## [Problem statement]
From the line that has "Einhell Tischkreissäge TC-TS 2025" down to the last line of the data below, set down every line exactly, but none of the pictures.

## [Records for the exercise]
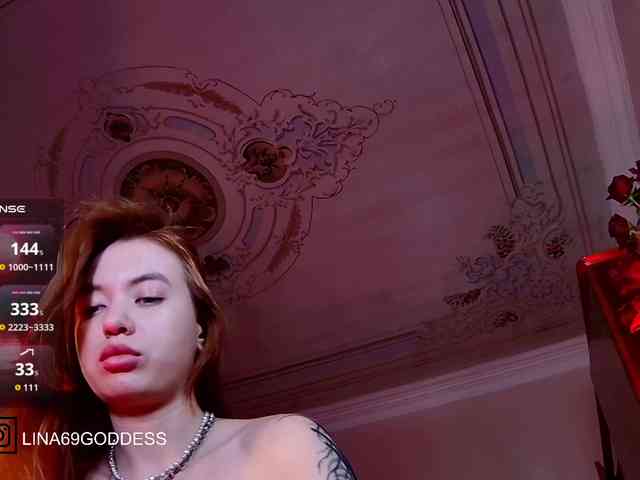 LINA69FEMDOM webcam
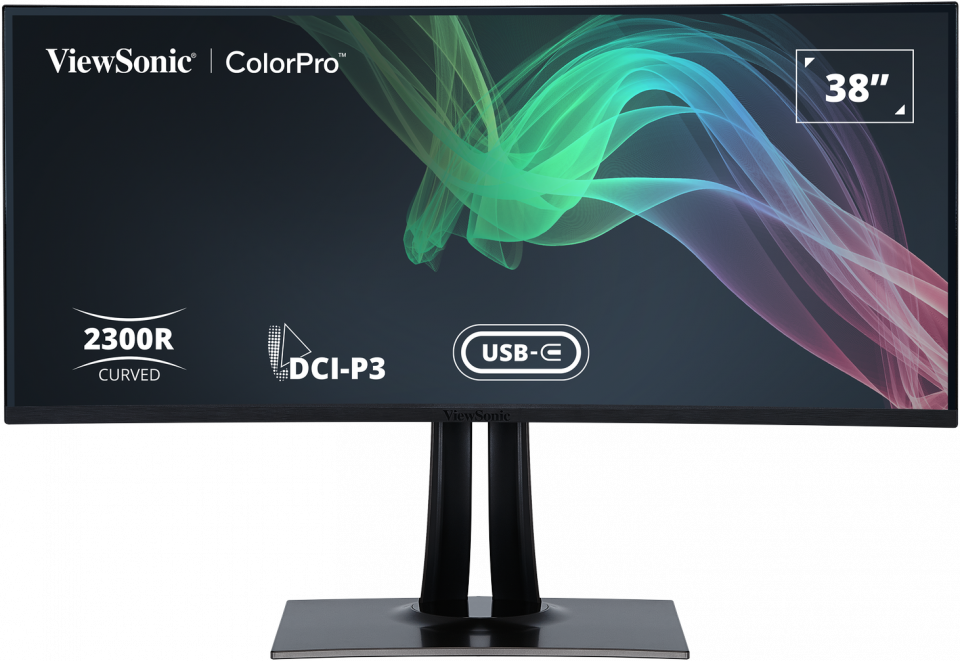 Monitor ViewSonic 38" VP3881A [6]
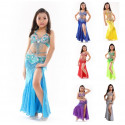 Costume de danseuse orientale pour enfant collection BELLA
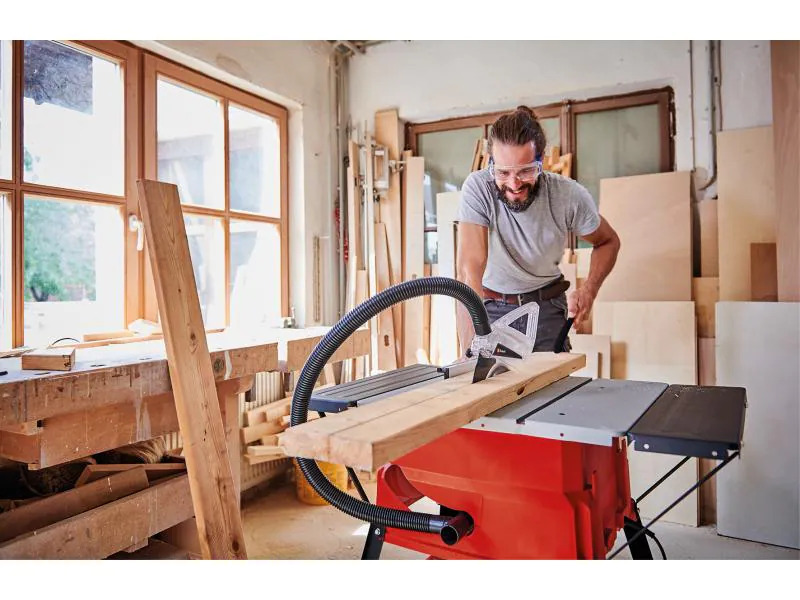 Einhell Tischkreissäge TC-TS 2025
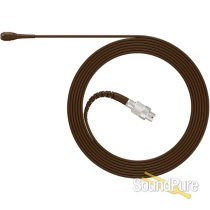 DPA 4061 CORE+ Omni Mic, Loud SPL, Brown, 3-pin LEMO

## [Answer to this exercise]
 Einhell Tischkreissäge TC-TS 2025
 DPA 4061 CORE+ Omni Mic, Loud SPL, Brown, 3-pin LEMO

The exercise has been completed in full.